Un altro aspetto bipolare interessante e toccante, è sicuramente la bisessualità dell’autrice britannica. La sua vita affettiva è stata costellata di amori saffici, come quello per Vita Sackville-West, splendidamente descritto in un romanzo come Orlando, considerato fortemente autobiografico; e dall’altro lato, abbiamo il suo amore, non calpestato e offeso, ma sempre rispettato – e a tal proposito, si leggano le raccolte di diari della Woolf, per avere uno spaccato vivissimo e diretto della vita dell’autrice  – verso Leonard Woolf. Il gruppo che avevano fondato, il Bloomsbury Group, era un gruppo di intellettuali che presentava un approccio libero verso la sessualità, pertanto, il matrimonio di Virginia e Leonard ha retto fino alla fine, malgrado i flirt di Virginia con altre donne. Anche le testimonianze nei diari dell’autrice lo confermano. Trovo profondamente commovente questo estratto, soprattutto pensando al momento – il 1937, pochissimi anni prima della morte – in cui è stato scritto:  “Love-making—after 25 years can’t bear to be separate … you see it is enormous pleasure being wanted: a wife. And our marriage so complete“. La sua spiccata sensibilità ed emotività l’ha portata a rendersi cosciente di quella parte di sé, più forte, intensa e mascolina, che desiderava una donna, non uomo. Tuttavia, questo non le ha impedito un legame duraturo e saldo con un uomo come Leonard, che più di una volta l’ha difesa e protetta dalle sue fragilità e dai suoi gesti autodistruttivi, creando anche l’impresa editoriale della Hogarth Press per tenere lontana la moglie da gesti estremi.

In conclusione, ci possono solo essere solo pochi consigli che vi posso dare, per quanto riguarda la filmografia: “The Hours” (al di là dello splendido romanzo di Michael Cunningham) è una visione obbligata, se ci si vuole avvicinare all’artista.

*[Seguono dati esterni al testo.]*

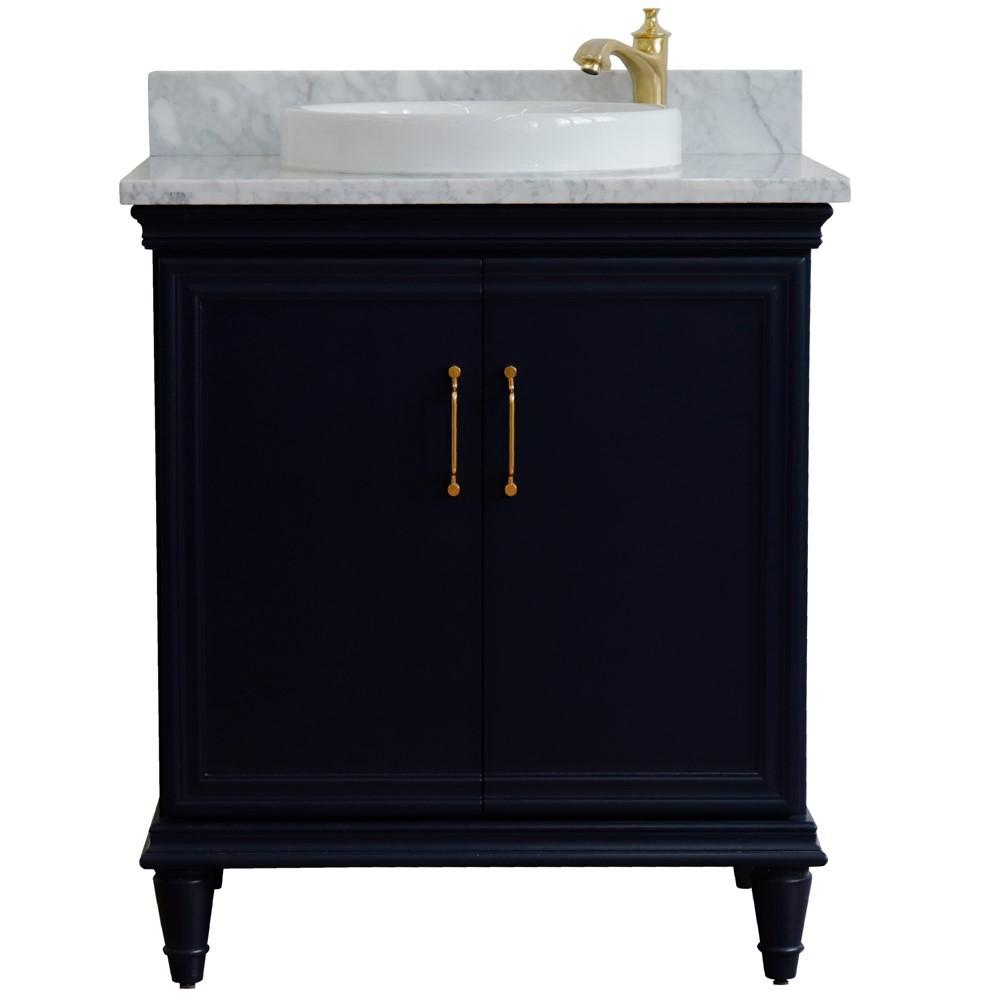 31 Single vanity in Blue finish with White Carrara and rectangle sink. Picture 20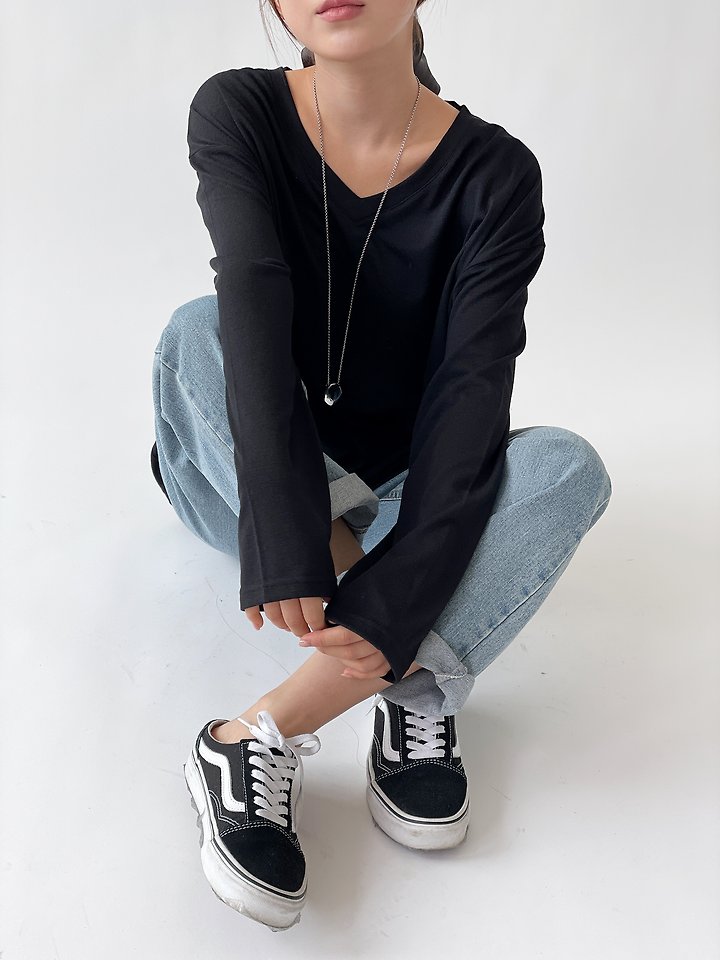 Unique V-Neck Tee by Queensmade for Women - view 10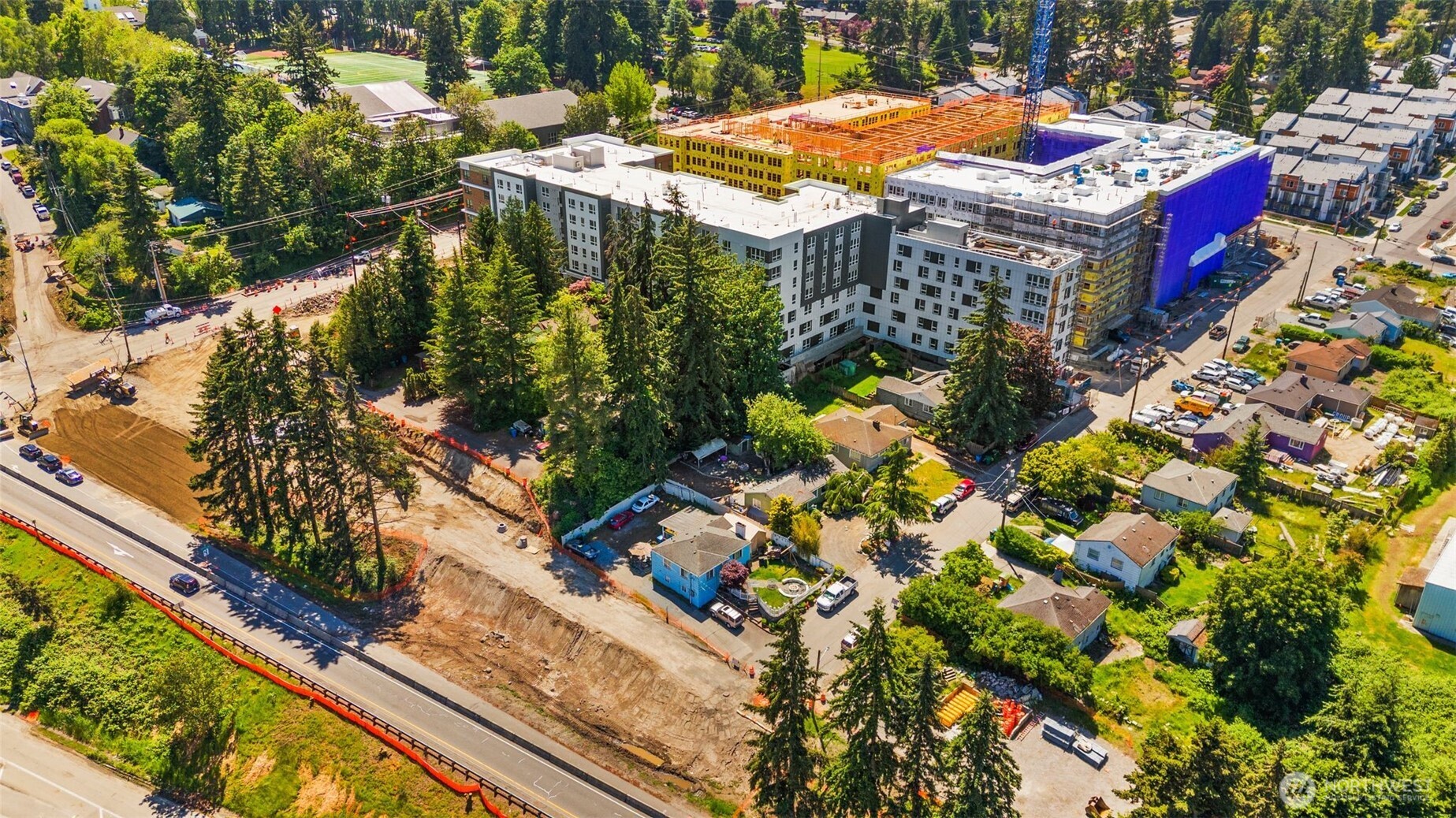 6 Parcel Assemblage on MUR-70 Zoned land. Total of 42,936 s/f directly across I-5 145th Lightrail station. Preliminary massing study shows room for 293 units.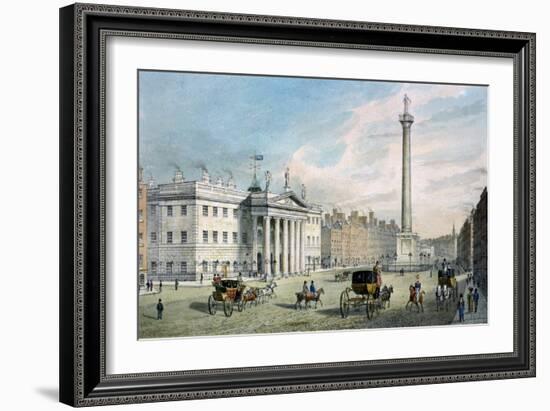 Sackville Street, Dublin, Showing the Post Office and Nelson's Column-Samuel Frederick Brocas-Framed Giclee Print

Un’ottima “autobiografia” sono i già citati diari, che coprono un arco temporale decisamente ampio ed esaustivo – ed è interessantissimo vedere lo stile della Woolf cambiare negli anni. Per il resto, vi consiglio le sue opere – che lo ammetto, non sono facilissime per il flusso di coscienza – perché sono ricchissime di allusioni e visioni, ma anche di fortissimi riferimenti ai suoi stati d’animo, alle sue parti discordanti che laceravano il suo fragile animo. Parti di sé che cercava di acquietare mettendoli per iscritto.